La question avait fait naître de multiples rejetons, tous difformes, agonisants, morts à la tombée de la nuit…

Le Déchiffreur d’Enigmes était assis à son bureau, une main appuyée sur sa grosse joue, il réfléchissait75.

Yasintra pénétra dans la pièce sans faire de bruit, de sorte que lorsqu’il leva la tête il la vit debout sur le seuil, son image dessinée par les ombres. Elle portait un long péplum retenu par une fibule sur l’épaule droite. Le sein gauche, retenu par un bout de tissu, était presque nu76.

— Continue à travailler, je ne veux pas te déranger, dit Yasintra de sa voix d’homme.

Héraclès n’avait pas l’air d’être dérangé.

— Que veux-tu ? lui demanda-t-il77.

— N’interromps pas ton travail. Il a l’air si important…

Héraclès ne savait pas si elle se moquait – il était difficile de le savoir parce que, croyait-il, toutes les femmes étaient des masques. Il la vit avancer lentement, à l’aise dans l’obscurité.

— Que veux-tu ? Répéta-t-il78.

Elle haussa les épaules. Lentement, presque avec répugnance, elle approcha son corps de lui.

— Comment peux-tu rester ici aussi longtemps, assis dans l’obscurité79 ? demanda-t-elle avec curiosité.

— Je réfléchissais, dit Héraclès. L’obscurité m’aide à réfléchie.

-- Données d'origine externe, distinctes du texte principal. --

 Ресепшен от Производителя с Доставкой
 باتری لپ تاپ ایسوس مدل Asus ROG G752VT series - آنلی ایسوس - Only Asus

— Cela te plairait, que je te fasse un massage ? murmura-t-elle.

Héraclès la regarda sans répondre80.

Elle tendit les mains vers lui.

— Laisse-moi, dit Héraclès81.

— Je veux juste te faire un massage, murmura-t-elle, folâtre.

— Non. Laisse-moi82.

Yasintra s’arrêta.

— J’aimerais te faire plaisir, murmura-t-elle.

— Pourquoi ? demanda Héraclès83.

— Je te dois une faveur, dit-elle. Je veux te la payer.

— Ce n’est pas nécessaire84.

— Je suis aussi seule que toi. Mais je peux te rendre heureux, je te l’assure.

Héraclès l’observa. Le visage de la jeune femme ne reflétait aucune expression.

— Si tu veux me rendre heureux, laisse-moi seul un instant, dit-il85.

Elle soupira. Elle haussa à nouveau les épaules.

— Tu as envie de manger quelque chose ? Ou de boire ? demanda-t-elle.

— Je ne veux rien86.

Yasintra fit demi-tour et s’arrêta sur le seuil.

— Appelle-moi si tu en as besoin, lui dit-elle. – Je n’y manquerai pas. Maintenant va-t’en87.

— Tu n’as qu’à m’appeler, et je viendrai.

— Va-t’en, maintenant88 !

La porte se referma. L’habitation se trouva à nouveau plongée dans l’obscurité89.